There is a kind of inequality in every group and the real art is to learn to
detect the skins of inequality and the skins of cultural diversity. Instead of
a depreciation of the concept ‘ethnomathematics’ this extended notion could
mean a surplus value in situations where heterogeneity and cultural diversity
are less conspicuous.
Within
ethnomathematics education two aspects are highlighted. First there is the
curriculum’s content. Often this is the first step when implementing
ethnomathematics. Besides the mathematics that can be found in the traditional
curriculum, there will now be additional space to be introduced to more exotic
or traditional mathematics practices. Powell & Frankenstein (1997) also
emphasize this aspect in their definition of the enrichment of a curriculum
through ethnomathematics. Stressing
other mathematical practices offers the opportunity to gain a better perception
in the own mathematical practice and its role and place in society (D’Ambrosio
2007a). It also offers the opportunity to philosophize and critically reflect
on the own mathematical practice. In language teaching it goes without saying
that it is better to learn more than one language. It broadens the outlook on
the world and offers a better adaptation to dealing with other people in this
globalized world. Knowledge of several languages is undoubtedly an advantage
and besides it broadens the knowledge of the mother tongue. This comparison
could even be extended to the mathematics education where knowledge of
mathematical practices of several cultural contexts and throughout time proves
to be advantageous.
5. Ethnomathematics is Human Right
D’Ambrosio,
who is the mathematician and educationist of the mathematics on which,
ethnomathematics is based, situates mathematics education within a social,
cultural and historical context. He can also be considered the first to
explicitly link mathematics education and politics. Mathematics education is a
lever for the development of the individual, national and global well-being
(D’Ambrosio 2007a, 2007b). In other words the teaching and learning of
mathematics is a mathematical practice with obviously a political grounding.
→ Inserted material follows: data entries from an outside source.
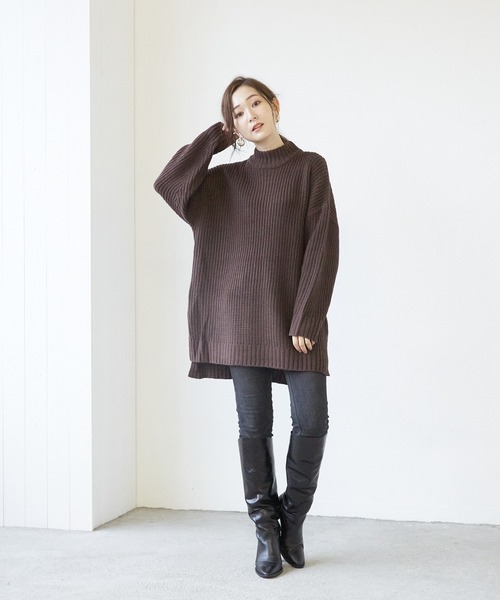 VIBGYOR(ヴィブジョー)の「【豊富なカラー展開】畦編みモック/Nオーバーサイズニット(BL)(その他トップス・レディース・アイボリー/ブラック/ダークブラウン/パープル/グレイッシュベージュ・FREE)」の14枚目の写真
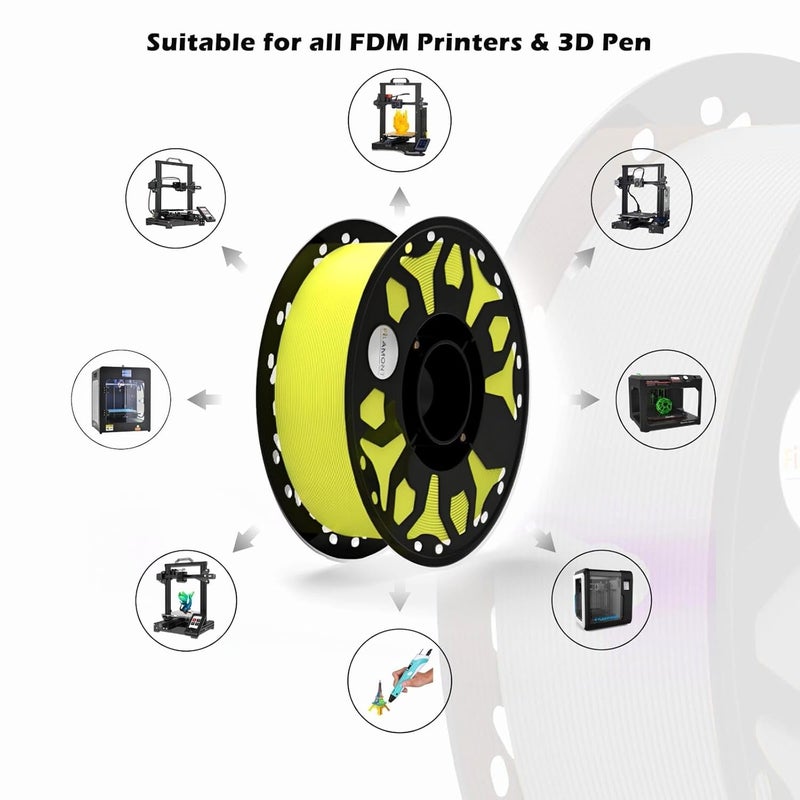Protomont TECHNOLOGIES فيلا مونت خيوط الطباعة ثلاثية الأبعاد PLA بقطر 1.75 مم - بريميوم بلس متوافقة مع معظم طابعات FDM (أصفر ليموني) - Image 2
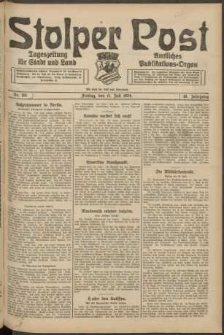 Stolper Post. Tageszeitung f&uuml;r Stadt und Land Nr. 161/1924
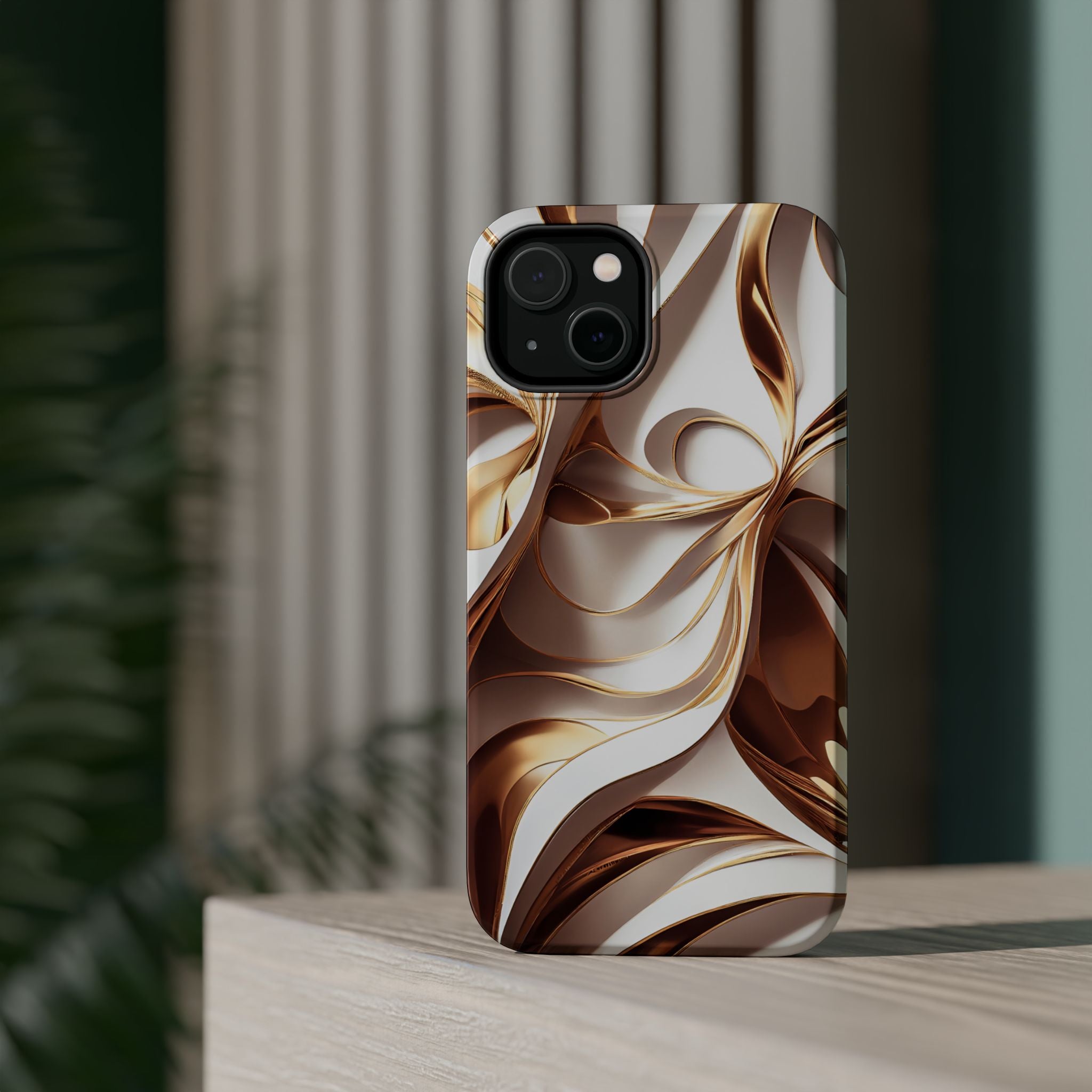 Marbled Gold Swirl Phone Case — Magnetic Impact‑Resistant iPhone Cover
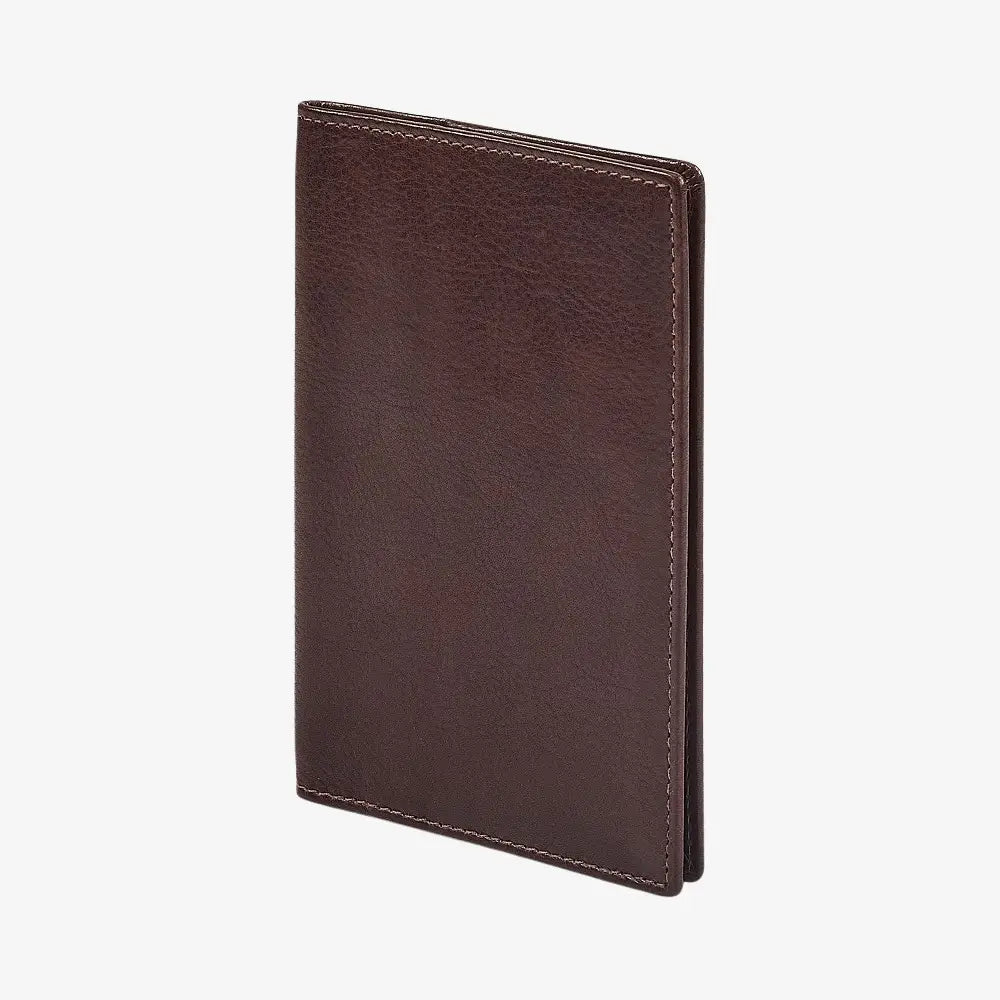 Front view of Brown leather passport holder on a white background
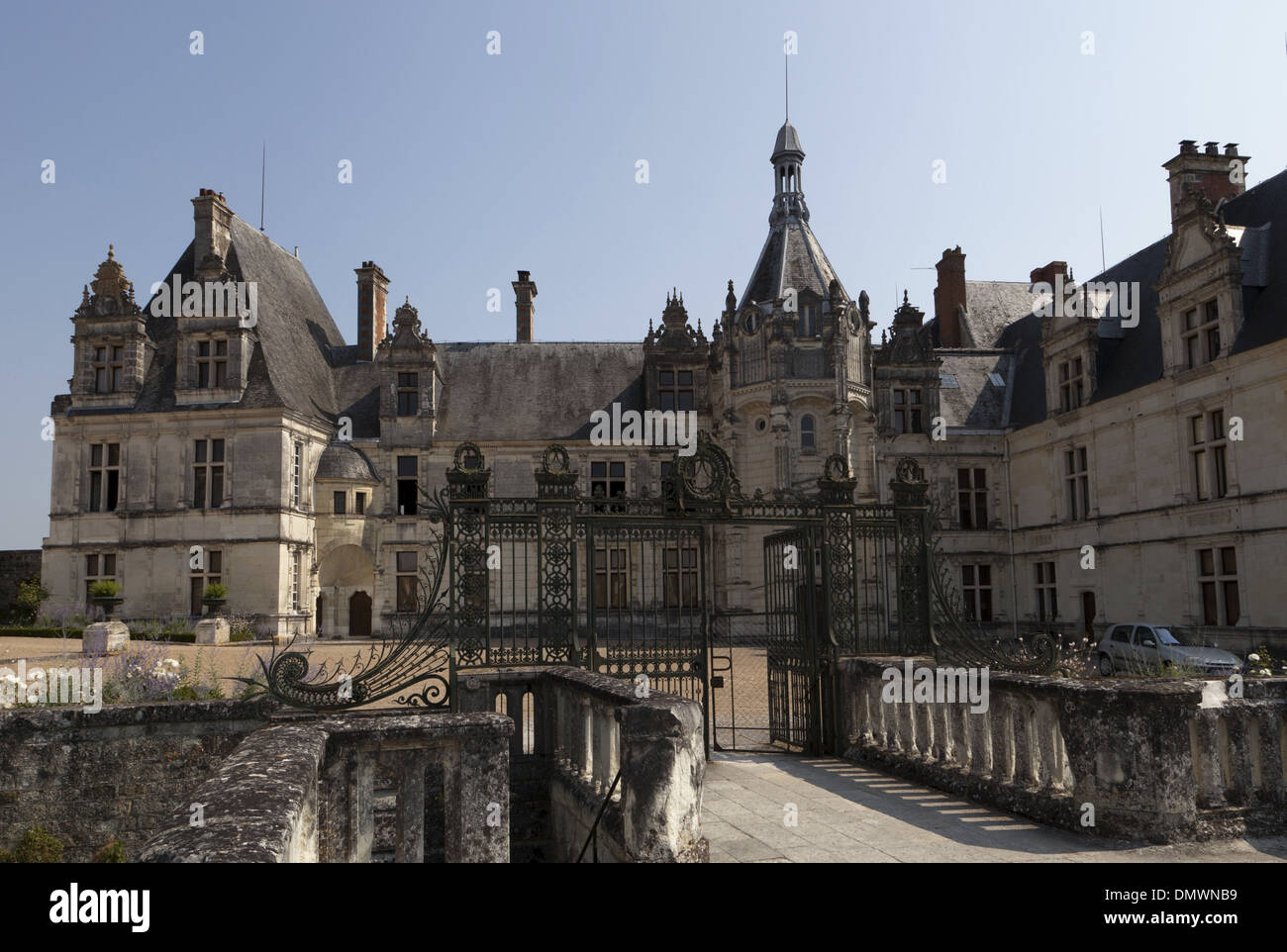 Chateau Saint-Aignan at the top of the town, view from of the courtyard Stock Photo
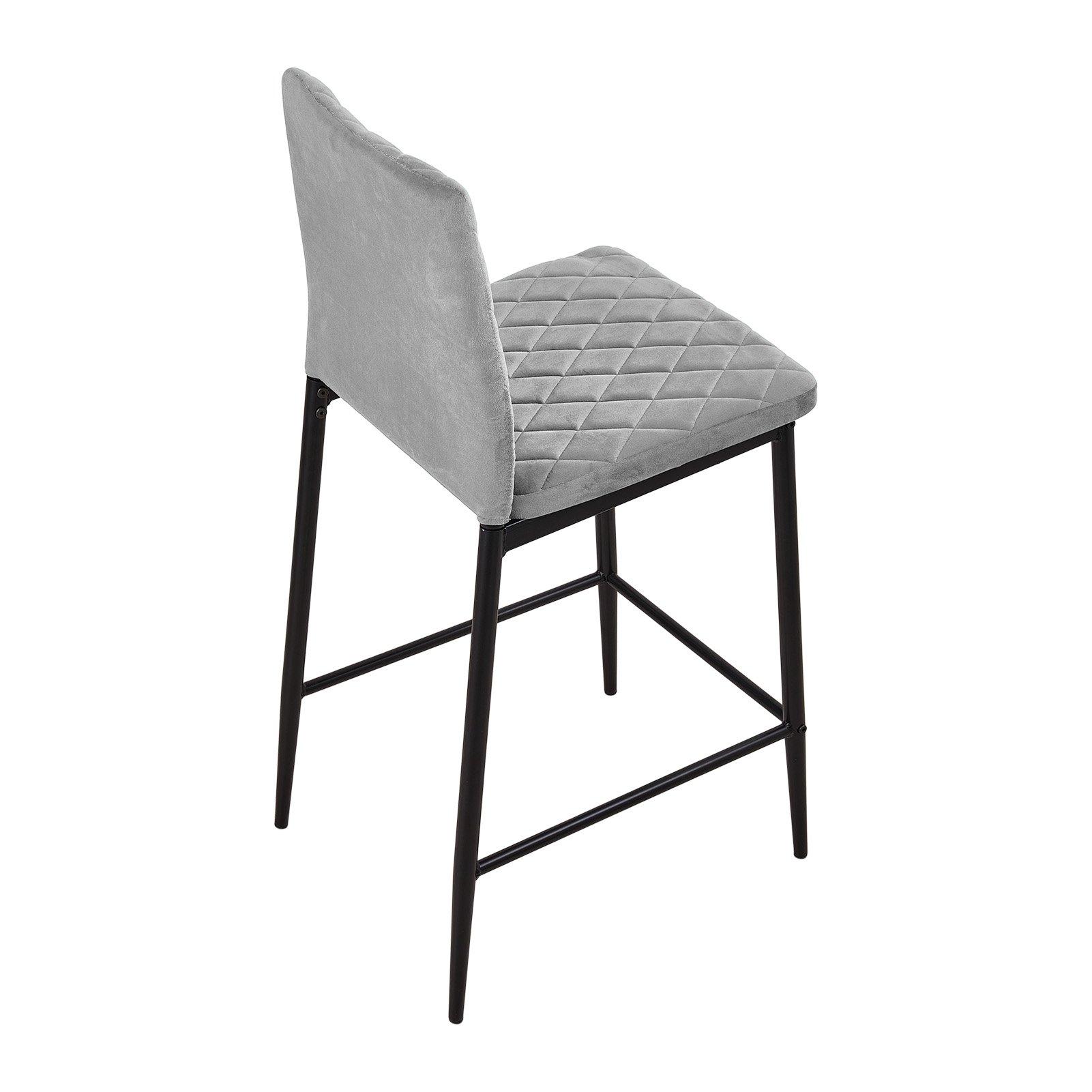 Grey - Kabinet UK - Set of 2 Upholstered Bar Stools - 5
D’Ambrosio advances the political proposition that mathematics education should
be accessible to all pupils and not only to the privileged few. D’Ambrosio
develops three concepts to focus on in a new curriculum regarding the usage of
the international (UNESCO) emancipatory objectives - literacy, matheracy and
technoracy.
Literacy
has to do with communicative values and it is an opportunity to contain and use
information. Here both spoken and written language is concerned but so are
symbols and meanings, codes and numbers. Mathematical literacy is undoubtedly a
part of it. Matheracy is a tool that offers the chance to deduce, to develop
hypotheses and to draw conclusions from data. These are the base points for an
analytical and scientific attitude. Finally there is Technoracy which offers
the opportunity to become familiar with technology. This does not imply that
every pupil should or even could get an understanding of the technological
developments. This elementary form of education needs to guarantee that every
user of a technology should get to know at least the basic principles, the
possibilities and the risks in order to deal with this technology in a sensible
way or deal not at all with it. With these three forms of elementary education,
which can be developed throughout the ethnomathematics research program, D’Ambrosio
wants to meet the Universal Declaration of the Human Rights that relate to the
right to education and the right to the benefits of the scientific
developments.
6. Gestation of new concepts
Various
concepts have been proposed to provide a contract between ethnomathematics and
the academic school mathematics which had been transplanted into the school
system of developing nations. These are Indigenous Mathematics, Socio
Mathematics, Informal Mathematics, Mathematics in the socio-cultural
environment, Spontaneous Mathematics, Oral Mathematics, Oppressed mathematics,
Non-standard mathematics, Hidden Mathematics, Flock mathematics, People
mathematics, Mathematics codified, Implicit and Non-professional mathematics.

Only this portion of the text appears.